Esse ano foi o ano dos vices. O Brasil foi vice na Copa do Mundo, o Vasco foi vice-campeão mundial, e talvez hoje o Cruzeiro se transforme num trivice, chegando em segundo na Copa do Brasil, no Campeonato Brasileiro e na Mercosul.
Pensando sobre isso, fiz-me uma filosófica pergunta: "Há coisa pior do que ser vice?".
Como não havia ninguém por perto, eu mesmo me respondi: "Não, nada é pior do que vice."
Um racional ortodoxo poderia dizer que ser vice não é assim tão ruim; que ser terceiro, quinto ou 19º é muito pior.
Mas seria raciocínio de economista, não de torcedor.
O torcedor, melhor conhecedor dos labirintos da alma, sabe que o vice é a pior colocação possível.
O terceiro colocado passa sempre por um esforçado de futuro, do quinto se diz que fez um bom trabalho de base, e o décimo nono fez milagres para não cair para a segunda divisão.
Todas as outras colocações recebem algum elogio, menos o vice. O pobre segundo colocado talvez seja o único derrotado nas competições. E, mesmo que não seja o único, certamente é o maior de todos. Ainda mais quando há uma final de campeonato, um duelo decisivo.
Os outros participantes são apenas os outros participantes.
O vice não.
O vice é aquele que perdeu, aquele que foi vencido.
Foi ele que chegou até o último degrau e escorregou, foi que ele que chegou até os portais da glória e esqueceu a chave.
Para o vice não há consolo e, muitas vezes, nem perdão.
Várias imagens passavam pela minha cabeça para simbolizar o que é ser vice.
Deixo duas aqui na tentativa de melhor definir essa tortura, esse suplício, esse flagelo do espírito:
1) Um náufrago está à deriva durante semanas, sem ter o que comer nem beber, apenas apoiado num pequeno pedaço de madeira e castigado pelo sol inclemente. Ele então, como por milagre, vislumbra uma praia paradisíaca. Ela está a menos de cem metros. Daqui a algumas braçadas ele poderá até tocar os pés no chão. Lágrimas salgadas como o mar caem dos seus olhos. Ele está feliz, quase em êxtase. Mas aí aparece um tubarão...

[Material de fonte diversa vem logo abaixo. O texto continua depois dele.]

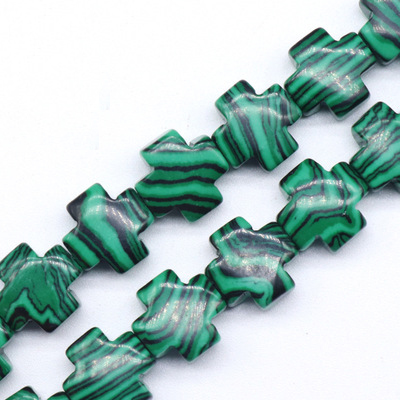 1:malachite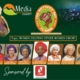 Sanwo-Olu, Ita-Giwa, Miriam Onuoha, Semenitari, and Other Confirmed Guests for "The Mothers-Day TV Show 2023"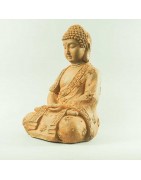 Articles et cadeaux dédiés aux fleurs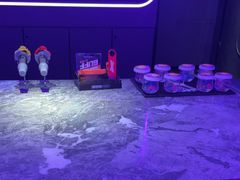 -星聚会KTV X Party(杭州万象城店)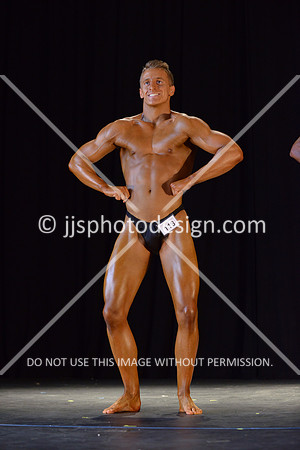 071914_Men_Junior-9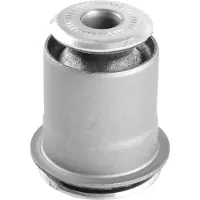 TEDGUM Ted85539 Untere Querlenkerbuchse - Vorne (Links / Rechts) Toyota Hi-Lux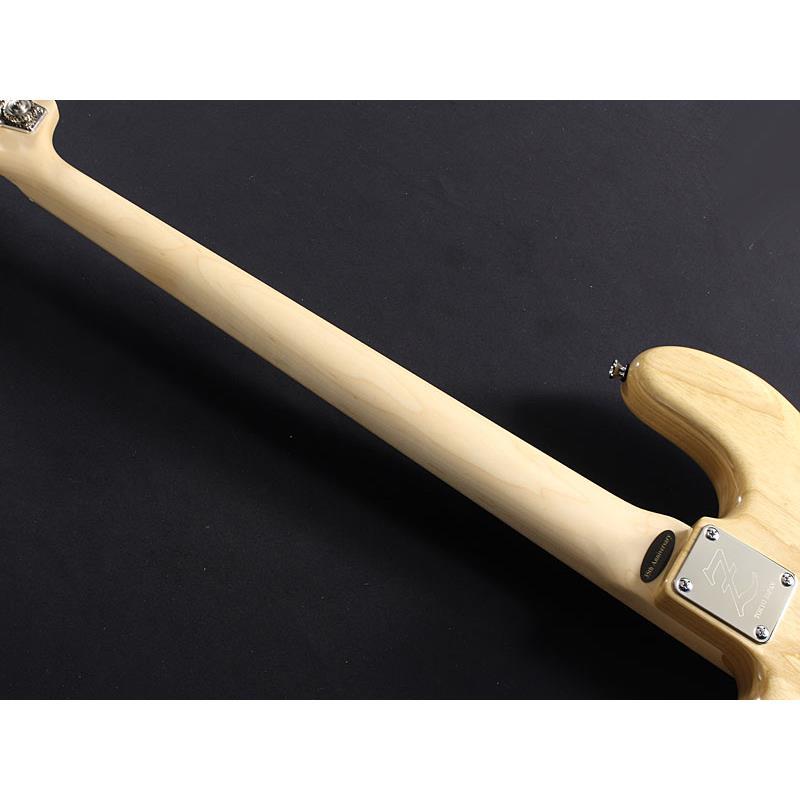 ATELIER Z M#245 2025 LIMITED (NAT/M) |  | 09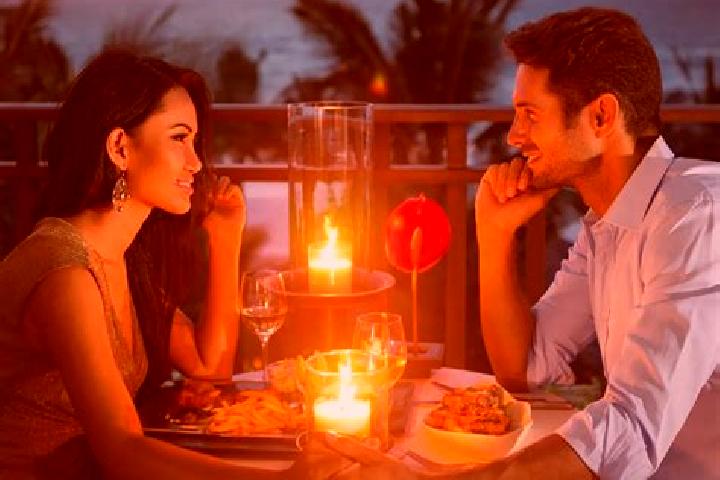 Naomi, 29, a black brown-eyed indian companion based in San Andres. Offering BDSM, Dinner Date, Couples, Striptease. Available for incall and outcall, day an...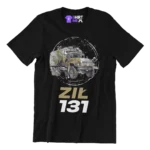 koszulka ził 131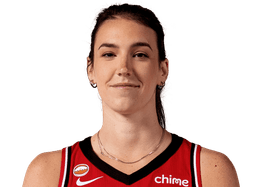 Bridget Carleton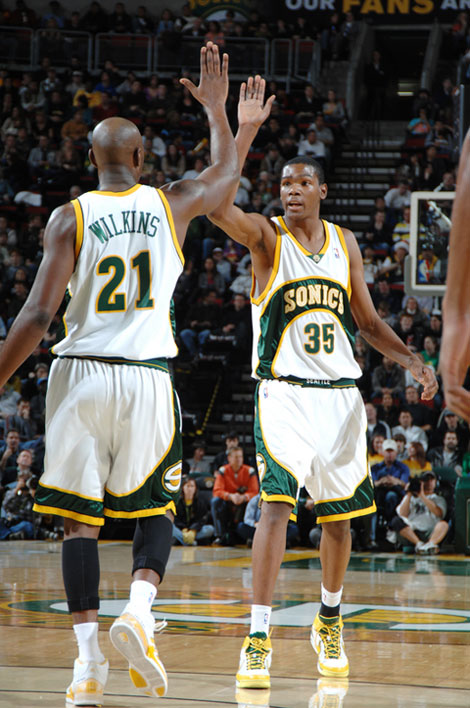 2026 WBC：波多黎各队宣布林多将继续担任队长，带领球队寻求自 2017 年后的再次突破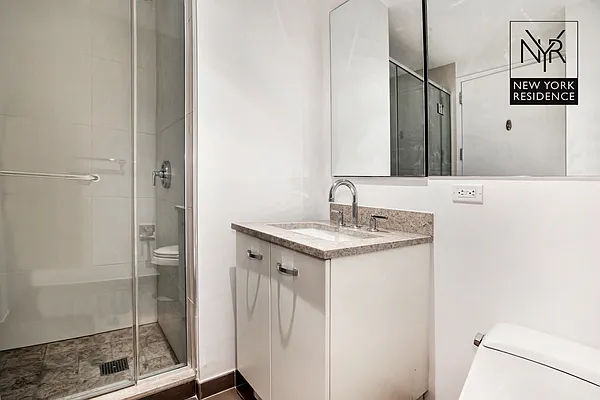 Rented by New York Residence | media 24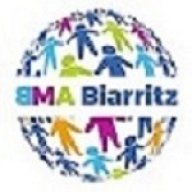 BMABiarritzsSchool
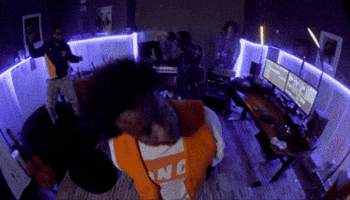 Jon GIF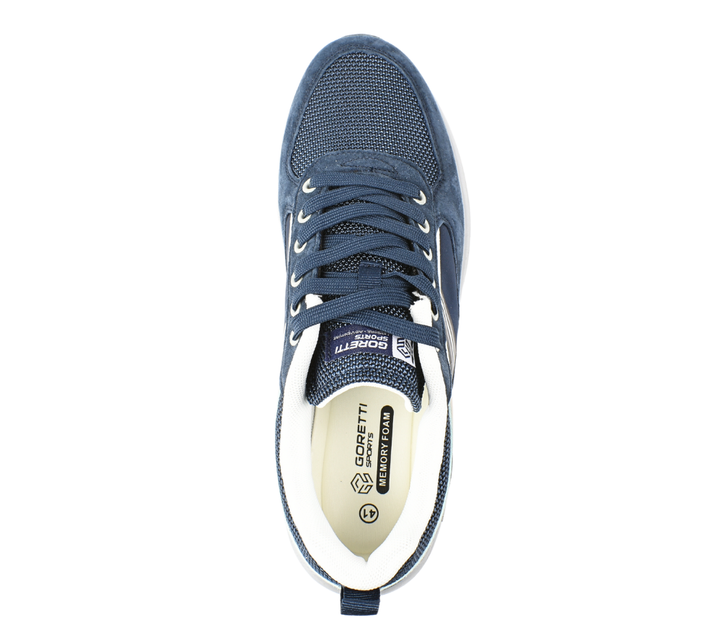 Goretti Pantofi Casual B100-CL30055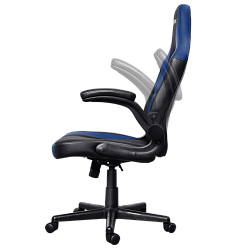 Trust GXT703B Riye Blue
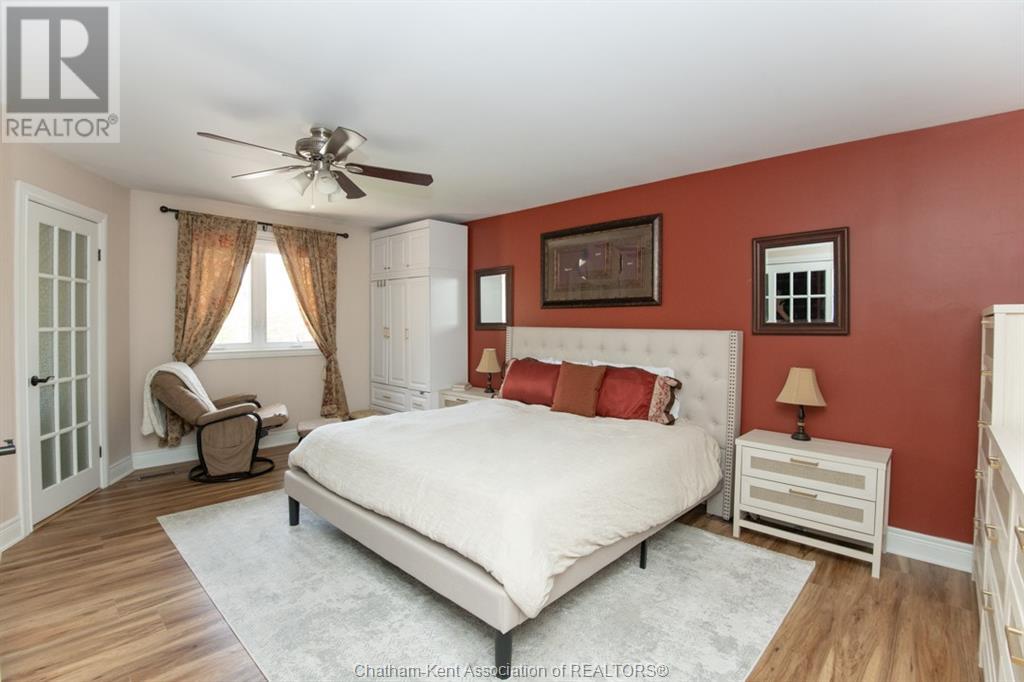 34 Braemar Boulevard, Chatham, Ontario  N7M 6G2 - Photo 19 - 25013419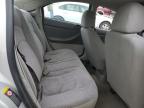 2006 Dodge Stratus Sxt na sprzedaż w Kansas City, KS - Side
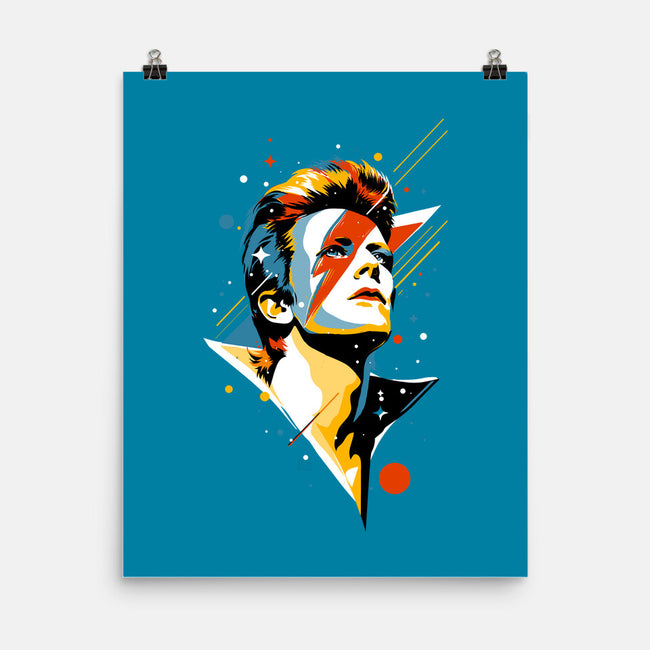 A Lad Insane-None-Matte-Poster-kharmazero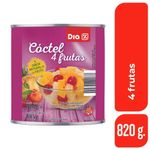 Coctel-4-Frutas-DIA-820-Gr-_1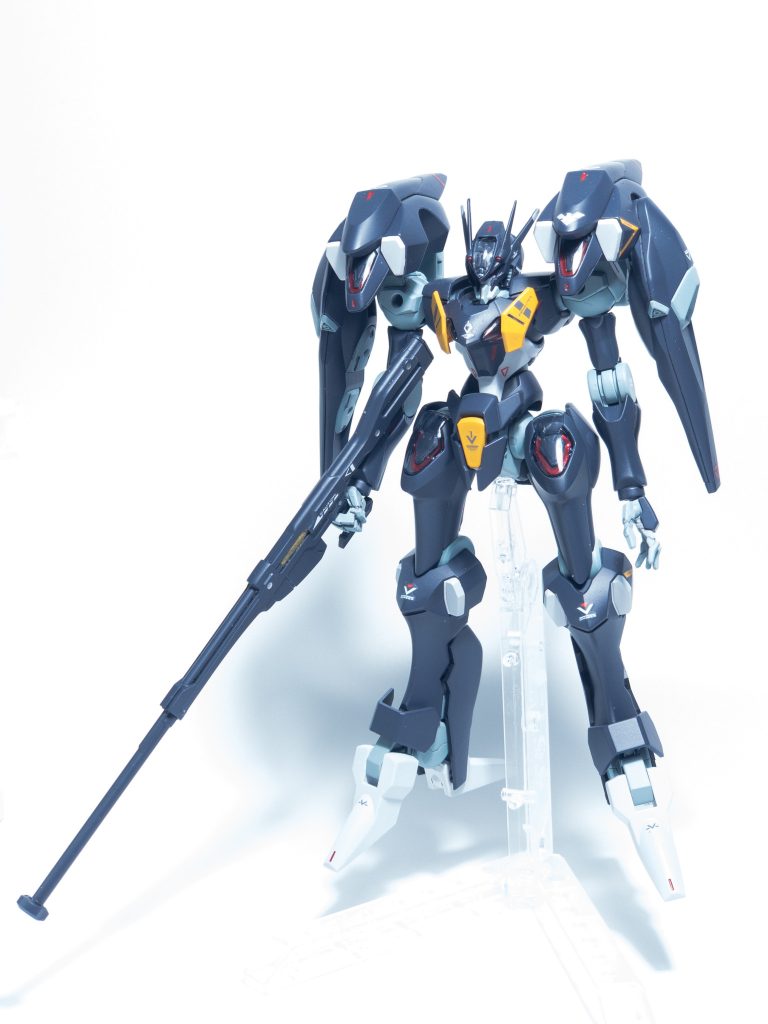 初期型のファラクトにすることもできます。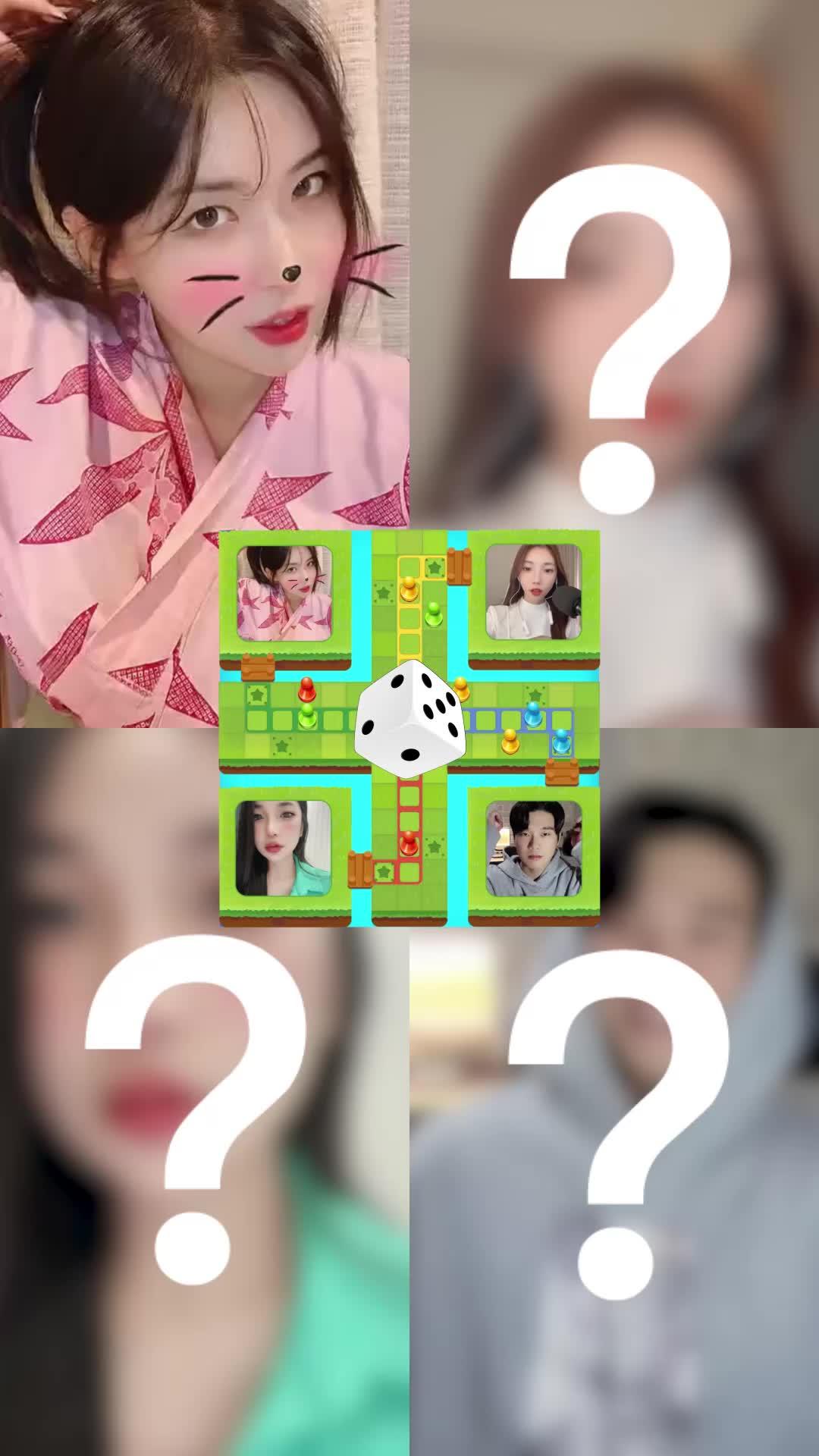 Come to BIGO to relieve your stress.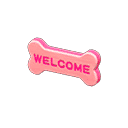 acnh-bone-doorplate.png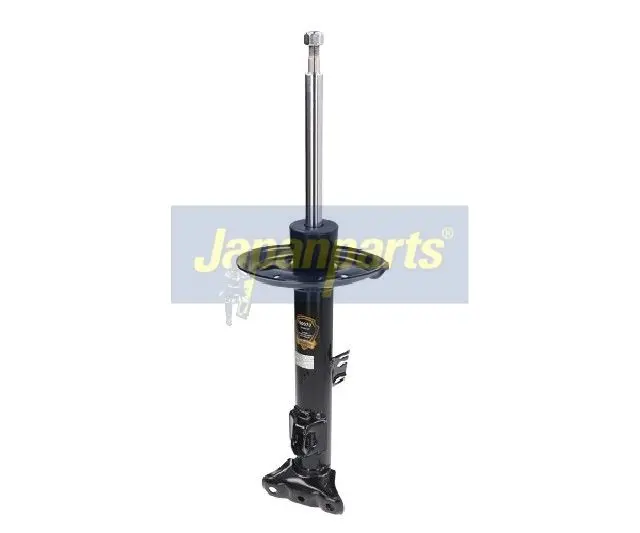 Tlumič pérování JAPANPARTS MM-00070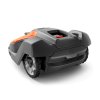 husqvarna 550 1www.toprobot.sk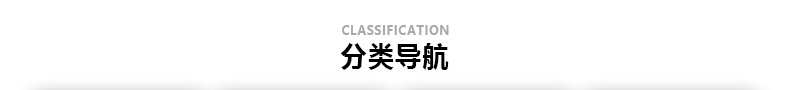 厂家直供高精度MH01跨境电子秤厨房烘焙秤不锈钢珠宝秤迷你口袋秤详情7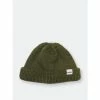 Druthers Merino Wool Dockworker Hat Hats Olive -Druthers Shop unnamed file 1678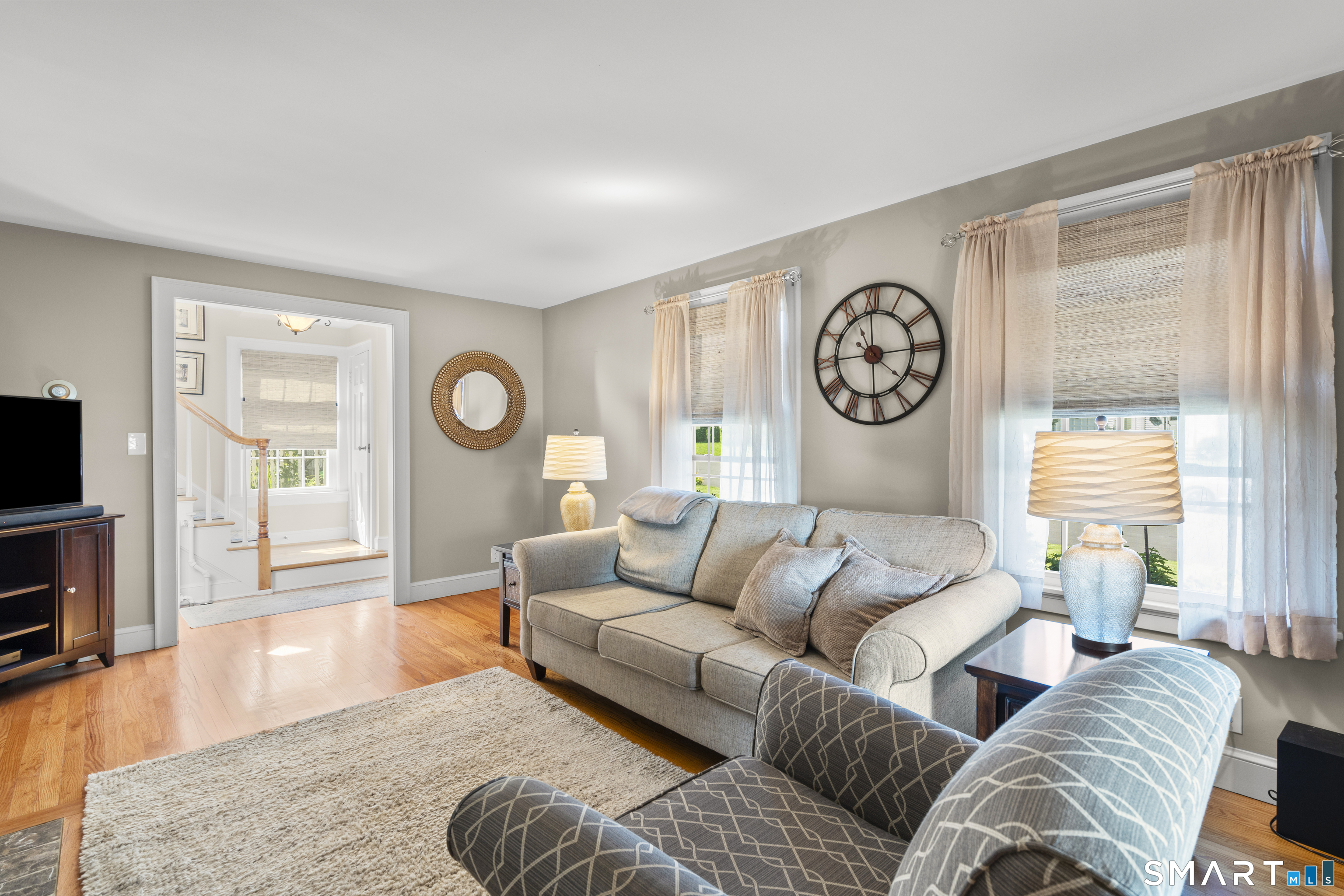 24 Herschel Avenue photo 12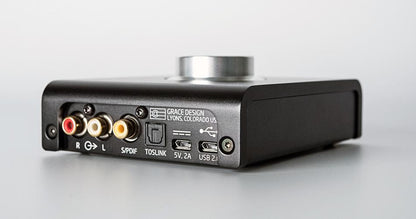 grace design studio monitor controllers grace design m900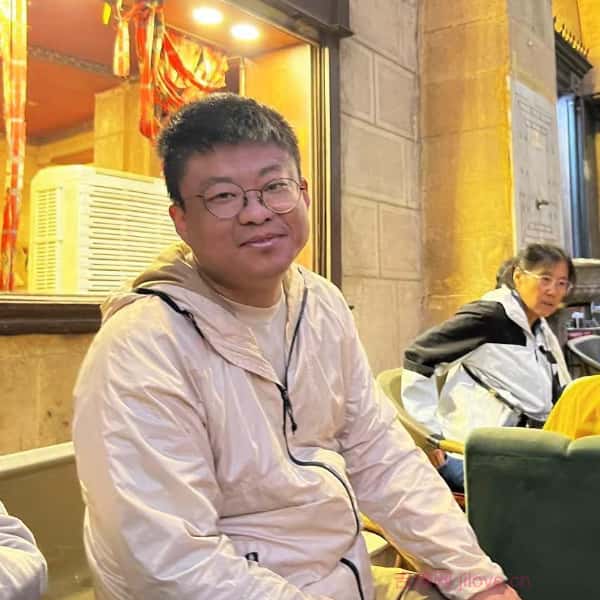 上海40岁单身帅哥真诚找对象-河源征婚相亲网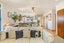 34 High Street, Renwick, Marlborough, Marlborough - Carousel 8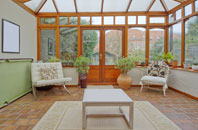 free Holbrook Moor conservatory quotes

2) O pára-quedista salta. Porém, como que amaldiçoado pelos deuses, seu pára-quedas não abre. Ele vê o chão se aproximando rapidamente e já pode imaginar seu corpo transformado num mórbido quebra- cabeça. É então que ele se lembra do pára-quedas reserva. Ele puxa a alça ao mesmo tempo em que reza um Pai Nosso. Funciona! Em poucos segundos, o pára- quedista está descendo lentamente, embalado por uma leve brisa. Ele encontra até tempo para observar a paisagem. Um sorriso de prazer e alívio está em seu rosto. Porém ele repara que está pousando dentro de um pequeno zoológico. Para seu azar, bem na jaula do leão. E o leão está faminto.
Enfim, ser vice é como ver um belo pôr-do-sol e queimar a retina, é ter a felicidade ao alcance da mão e ser maneta, é viver num harém, mas ser apenas um eunuco.
Pobres dos vices.
Felizes daqueles que ficam entre o décimo e o vigésimo lugar, sentados na cômoda espreguiçadeira da mediocridade.